Hi Marek,
That's a great question. The answer depends on whether you are using
portability or the "classic" Runner:
Portability
===
In portability, the SDF functionality includes the option for the Runner
to split a given bundle such that the remaining current bundle's work
will be minimized and the deferred remainder of the work will be
maximized. That would be ideal for checkpointing as soon as possible [1].
Unfortunately, this is not yet implemented in the Flink Runner. That's
why you are seeing the entire split finishing before the checkpoint.
Implementing this would mean to issue the split call upon checkpointing,
making sure to checkpoint the remaining work, and resume it after the
checkpoint has finished.
Perhaps others also could chime in, if there is anything else missing?
Classic
===
AFAIK there is no way to do splitting while processing a split. The best
option would be to create a custom UnboundedSource which creates smaller
splits. The default is to use the parallelism for the number of splits.
Depending on your source this may or may not be trivial.
Cheers,
Max
[1]
https://github.com/apache/beam/blob/6266296ac037afc775735d4f08d25ffcc1a8e897/model/fn-execution/src/main/proto/beam_fn_api.proto#L421
On 07.02.20 12:18, marek-simu...@seznam.cz wrote:
Hi,
I am using FileIO with continuously watching folder for new files to
process. The problem is when flink starts reading 200MB file (around 3M
elements) and also starts checkpointing.
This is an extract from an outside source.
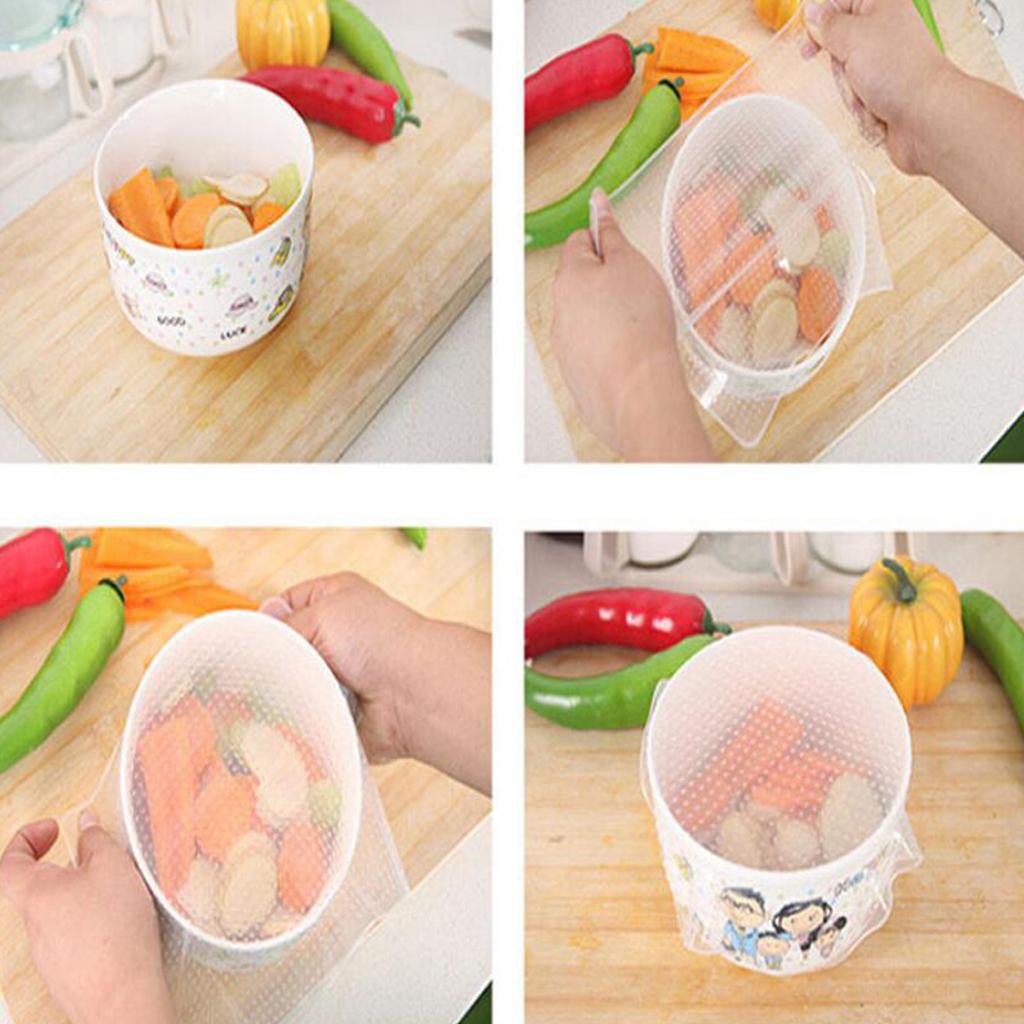 Silicone Stretch Lid - 耐久性のある透明シリコンストレッチ蓋、気密カバーセット、蓋付き食品保存容器とキッチンシリコンジャー用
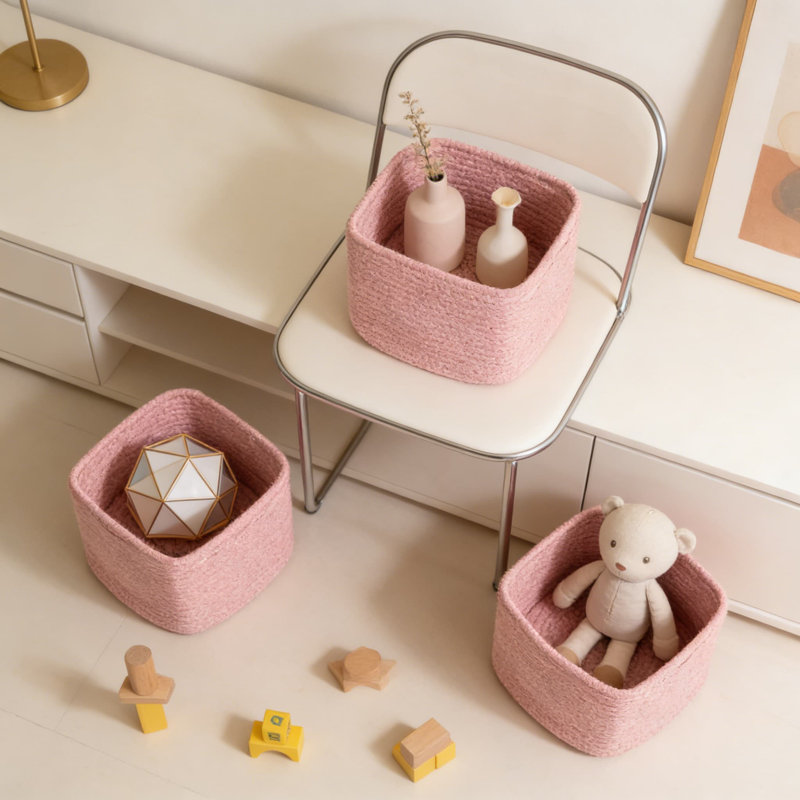Cotton Rope Woven Storage Baskets, 3-Pack Cube Organizer Bins With Reinforced Handles For Shelves, Closets, And Home Organization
Checkpoint never finishes until
WHOLE file is processed.
Minimal example :
https://github.com/seznam/beam/blob/simunek/failingCheckpoint/examples/java/src/main/java/org/apache/beam/examples/CheckpointFailingExample.java
My theory what could be wrong from my understanding :
CheckpointMark in this case starts from Create.ofProvider and then its
propagated to downstream operators where it will be (in queue) behind
all splits, which means all splits have to be read to successfully
checkpoint the operator. The problem is even bigger when there are more
files, then we need to wait for processing all files to successfully
checkpoint.
1. Are my assumption correct?
2. Is there some possibility to improve behavior of SplittableDoFn (or
subsequent reading from BoundedSource) for Flink to better propagate
checkpoint barrier?
For now my fix is reading smaller files (30MB) one by one, by it’s not
very future proof.
Versions:
Beam 2.17
Flink 1.9
Please correct my poor understanding of checkpointing with Beam and
Flink and it would be wonderful if you have some advice what to improve
or where to look.